Shackleford, C. J.
On the 16th day of April, 1908, the appellant filed its bill in chancery, in the Circuit Court for Dade County, against the appellees. A temporary injunction or restraining order was obtained from a Court Commissioner, without notice to the defendants, by the complainant against the defendants restraining the further prosecution of a certain action which had been instituted in the County Judge’s court for Dade County by J. W. Acton, manager of the Delray Canning Company, against the complainant, “seeking to remove the complainant, the Builders’ Supply Company, from a certain building,” which is described, and further restraining all the 'defendants “from molesting the complainant in any manner, by legal proceedings or otherwise, in the peaceful and quiet possession of the premises in question until the hearing of the cause or the further order of the court,” The defendants, J. W. Acton and J. W. Acton, manager of the Delray Canning Company, filed a motion to dissolve such temporary injunction upon various grounds, two of which were to the effect that, the bill was wanting in equity and that it showed upon its face the complainant had a full and complete remedy at law. After a hearing of the cause upon such motion and argument by the respective counsel, the Circuit Judge made an order dissolving the temporary injunction. From this interlocutory order the complainant entered an appeal to this court, and the sole point presented to us for determination is whether or not the court erred in making such order.
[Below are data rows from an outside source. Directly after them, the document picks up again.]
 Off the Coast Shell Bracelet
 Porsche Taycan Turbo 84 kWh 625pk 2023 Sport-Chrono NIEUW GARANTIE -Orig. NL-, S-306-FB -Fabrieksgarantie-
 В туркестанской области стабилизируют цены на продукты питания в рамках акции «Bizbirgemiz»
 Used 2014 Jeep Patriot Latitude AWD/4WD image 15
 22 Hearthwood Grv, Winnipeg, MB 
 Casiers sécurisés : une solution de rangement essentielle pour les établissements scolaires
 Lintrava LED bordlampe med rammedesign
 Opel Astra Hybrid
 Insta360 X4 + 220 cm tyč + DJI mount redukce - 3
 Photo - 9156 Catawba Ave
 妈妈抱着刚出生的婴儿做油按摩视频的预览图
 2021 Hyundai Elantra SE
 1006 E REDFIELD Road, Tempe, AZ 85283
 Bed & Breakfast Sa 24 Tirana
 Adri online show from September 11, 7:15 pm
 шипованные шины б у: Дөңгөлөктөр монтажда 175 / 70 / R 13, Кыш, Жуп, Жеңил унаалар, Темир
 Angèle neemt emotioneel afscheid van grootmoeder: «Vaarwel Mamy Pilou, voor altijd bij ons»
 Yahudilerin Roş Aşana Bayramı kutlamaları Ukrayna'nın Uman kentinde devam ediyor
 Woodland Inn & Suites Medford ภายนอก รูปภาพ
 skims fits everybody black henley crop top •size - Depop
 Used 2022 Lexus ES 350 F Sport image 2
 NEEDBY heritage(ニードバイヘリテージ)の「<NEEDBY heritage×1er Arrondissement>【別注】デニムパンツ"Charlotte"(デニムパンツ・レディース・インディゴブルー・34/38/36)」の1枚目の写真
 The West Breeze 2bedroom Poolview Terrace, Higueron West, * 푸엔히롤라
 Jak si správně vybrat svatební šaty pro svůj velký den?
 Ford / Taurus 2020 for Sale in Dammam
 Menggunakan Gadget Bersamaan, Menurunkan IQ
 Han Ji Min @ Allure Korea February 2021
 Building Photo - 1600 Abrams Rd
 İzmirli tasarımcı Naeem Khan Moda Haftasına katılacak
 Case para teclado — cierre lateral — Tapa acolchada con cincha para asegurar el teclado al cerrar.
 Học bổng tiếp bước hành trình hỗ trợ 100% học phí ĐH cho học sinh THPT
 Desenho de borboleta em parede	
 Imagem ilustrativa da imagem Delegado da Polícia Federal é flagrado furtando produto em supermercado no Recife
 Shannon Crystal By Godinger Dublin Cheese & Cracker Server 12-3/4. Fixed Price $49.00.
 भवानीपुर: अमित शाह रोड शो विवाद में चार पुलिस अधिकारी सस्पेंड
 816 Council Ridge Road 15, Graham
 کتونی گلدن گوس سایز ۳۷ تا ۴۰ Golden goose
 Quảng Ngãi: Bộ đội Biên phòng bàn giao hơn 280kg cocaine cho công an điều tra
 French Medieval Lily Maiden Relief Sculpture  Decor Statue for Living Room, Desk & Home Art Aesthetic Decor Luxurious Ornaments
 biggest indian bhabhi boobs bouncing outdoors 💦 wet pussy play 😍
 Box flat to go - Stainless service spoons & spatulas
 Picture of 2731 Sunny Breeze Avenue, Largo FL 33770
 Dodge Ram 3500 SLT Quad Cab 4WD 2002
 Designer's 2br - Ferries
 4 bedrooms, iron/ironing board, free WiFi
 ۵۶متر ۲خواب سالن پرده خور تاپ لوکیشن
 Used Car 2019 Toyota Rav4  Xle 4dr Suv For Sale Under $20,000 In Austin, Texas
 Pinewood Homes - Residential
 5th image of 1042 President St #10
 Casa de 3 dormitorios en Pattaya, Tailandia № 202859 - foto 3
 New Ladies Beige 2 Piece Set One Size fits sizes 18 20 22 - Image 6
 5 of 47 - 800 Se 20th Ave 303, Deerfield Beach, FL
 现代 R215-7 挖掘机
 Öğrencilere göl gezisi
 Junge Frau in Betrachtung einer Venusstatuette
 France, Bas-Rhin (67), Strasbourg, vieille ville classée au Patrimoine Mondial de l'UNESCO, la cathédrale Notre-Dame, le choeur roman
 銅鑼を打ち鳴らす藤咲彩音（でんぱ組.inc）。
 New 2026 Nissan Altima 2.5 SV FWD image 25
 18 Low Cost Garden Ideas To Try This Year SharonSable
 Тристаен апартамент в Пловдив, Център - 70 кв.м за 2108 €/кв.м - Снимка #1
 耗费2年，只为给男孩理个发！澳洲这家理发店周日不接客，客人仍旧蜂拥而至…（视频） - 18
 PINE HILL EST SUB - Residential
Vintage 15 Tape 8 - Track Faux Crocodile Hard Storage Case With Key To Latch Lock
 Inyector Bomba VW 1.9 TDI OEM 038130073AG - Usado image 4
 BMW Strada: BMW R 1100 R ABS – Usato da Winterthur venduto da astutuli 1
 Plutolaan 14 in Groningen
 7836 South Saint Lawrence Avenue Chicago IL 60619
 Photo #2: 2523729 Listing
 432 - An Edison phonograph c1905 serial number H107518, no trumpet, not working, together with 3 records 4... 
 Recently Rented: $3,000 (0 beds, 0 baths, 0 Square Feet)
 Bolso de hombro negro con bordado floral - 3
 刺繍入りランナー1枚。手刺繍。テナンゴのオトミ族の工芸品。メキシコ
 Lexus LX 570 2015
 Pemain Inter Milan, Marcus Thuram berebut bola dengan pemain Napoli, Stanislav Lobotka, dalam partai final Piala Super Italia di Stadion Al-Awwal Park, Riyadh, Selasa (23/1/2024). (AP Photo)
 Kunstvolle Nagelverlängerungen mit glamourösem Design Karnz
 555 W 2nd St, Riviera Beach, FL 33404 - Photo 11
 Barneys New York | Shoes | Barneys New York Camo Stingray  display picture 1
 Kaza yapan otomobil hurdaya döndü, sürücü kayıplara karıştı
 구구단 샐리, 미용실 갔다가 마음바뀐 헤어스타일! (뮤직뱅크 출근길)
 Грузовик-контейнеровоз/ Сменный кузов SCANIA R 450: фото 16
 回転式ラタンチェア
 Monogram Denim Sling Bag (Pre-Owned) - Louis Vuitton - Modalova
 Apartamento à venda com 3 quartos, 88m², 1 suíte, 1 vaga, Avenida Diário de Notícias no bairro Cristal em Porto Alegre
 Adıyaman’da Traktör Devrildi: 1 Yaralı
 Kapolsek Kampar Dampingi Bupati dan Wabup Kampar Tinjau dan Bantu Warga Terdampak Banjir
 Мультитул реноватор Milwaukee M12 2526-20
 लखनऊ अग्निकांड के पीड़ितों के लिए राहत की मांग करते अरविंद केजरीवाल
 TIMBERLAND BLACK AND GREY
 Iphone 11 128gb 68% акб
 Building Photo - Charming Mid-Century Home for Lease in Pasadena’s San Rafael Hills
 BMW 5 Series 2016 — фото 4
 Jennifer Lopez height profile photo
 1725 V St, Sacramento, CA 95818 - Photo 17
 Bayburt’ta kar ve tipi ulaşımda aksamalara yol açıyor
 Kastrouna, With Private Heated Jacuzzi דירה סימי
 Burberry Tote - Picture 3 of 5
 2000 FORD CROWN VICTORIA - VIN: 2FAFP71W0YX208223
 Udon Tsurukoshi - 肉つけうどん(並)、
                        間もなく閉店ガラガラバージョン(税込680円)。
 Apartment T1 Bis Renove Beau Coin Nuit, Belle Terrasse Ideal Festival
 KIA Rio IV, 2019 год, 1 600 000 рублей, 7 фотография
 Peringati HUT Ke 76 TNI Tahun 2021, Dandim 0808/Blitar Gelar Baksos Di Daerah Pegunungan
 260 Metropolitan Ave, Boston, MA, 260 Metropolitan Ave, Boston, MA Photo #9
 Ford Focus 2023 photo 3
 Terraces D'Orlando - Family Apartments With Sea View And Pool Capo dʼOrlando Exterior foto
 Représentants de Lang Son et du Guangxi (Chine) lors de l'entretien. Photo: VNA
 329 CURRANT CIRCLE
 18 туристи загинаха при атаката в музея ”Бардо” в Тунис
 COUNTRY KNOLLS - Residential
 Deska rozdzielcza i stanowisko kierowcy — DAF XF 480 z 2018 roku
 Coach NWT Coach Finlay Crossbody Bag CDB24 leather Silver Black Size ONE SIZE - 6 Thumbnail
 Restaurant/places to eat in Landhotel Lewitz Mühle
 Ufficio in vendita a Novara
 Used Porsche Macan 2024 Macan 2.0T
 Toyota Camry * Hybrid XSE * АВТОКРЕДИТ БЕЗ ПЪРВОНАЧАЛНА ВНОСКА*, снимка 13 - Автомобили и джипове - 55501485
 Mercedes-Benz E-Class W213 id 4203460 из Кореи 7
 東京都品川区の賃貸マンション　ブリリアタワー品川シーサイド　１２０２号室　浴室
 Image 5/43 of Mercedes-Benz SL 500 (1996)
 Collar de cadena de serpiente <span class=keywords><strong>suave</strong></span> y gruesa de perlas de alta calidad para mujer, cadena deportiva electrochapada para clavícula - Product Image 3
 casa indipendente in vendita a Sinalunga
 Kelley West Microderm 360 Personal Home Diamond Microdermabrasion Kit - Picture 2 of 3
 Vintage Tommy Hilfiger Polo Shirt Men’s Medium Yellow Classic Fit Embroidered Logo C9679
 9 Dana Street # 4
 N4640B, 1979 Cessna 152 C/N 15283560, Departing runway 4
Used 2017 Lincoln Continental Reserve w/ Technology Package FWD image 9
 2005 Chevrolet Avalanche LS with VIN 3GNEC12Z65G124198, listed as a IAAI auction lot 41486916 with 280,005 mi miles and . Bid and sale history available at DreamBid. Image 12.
As to the principles of law governing the granting of temporary injunctions or restraining orders, especially where no notice has been given to the defendants of the time and place of the application therefor, see Godwin v Phifer, 51 Fla. 441, 41 South. Rep. 597, and author*759ities therein cited. Also see Hall v. Horne, 52 Fla. 510, 42 South. Rep. 383; Simms v. Patterson, 53 Fla. 984, 43 South. Rep. 421; Savage v. Parker, 53 Fla. 1002, 43 South. Rep. 507; Weeks v. J. C. Turner Lumber Co., 53 Fla. 793, 44 South. Rep. 173; Baker v. McKinney, 54 Fla. 495, 44 South. Rep. 944; Shaw v. Palmer, 54 Fla. 490, 44 South. Rep. 953. As was "held in these cases, if it is plainly apparent that the bill is without equity, an injunction should not be granted in the first instance, but, if granted, should be dissolved at the earliest opportunity by the court. As is also held therein, both the granting and continuing of injunctions rest largely within the sound judicial discretion of the court, to be governed largely by the facts and circumstances of each particular case. Where a temporary injunction has been dissolved by the court, after argument by the respective counsel, and an appeal is taken from such interlocutory order to this court, it is incumbent upon the complainant to make it clearly appear that there has been an abuse of this discretion. This is in line with the principle so often decided by this court that it is the duty of a party resorting to an appellate court to make the errors-complained of clearly to appear, every presumption being in favor of the correctness of the rulings of the trial, court. Ropes v. Stewart, 54 Fla. 185, 45 South. Rep. 31, and authorities there cited.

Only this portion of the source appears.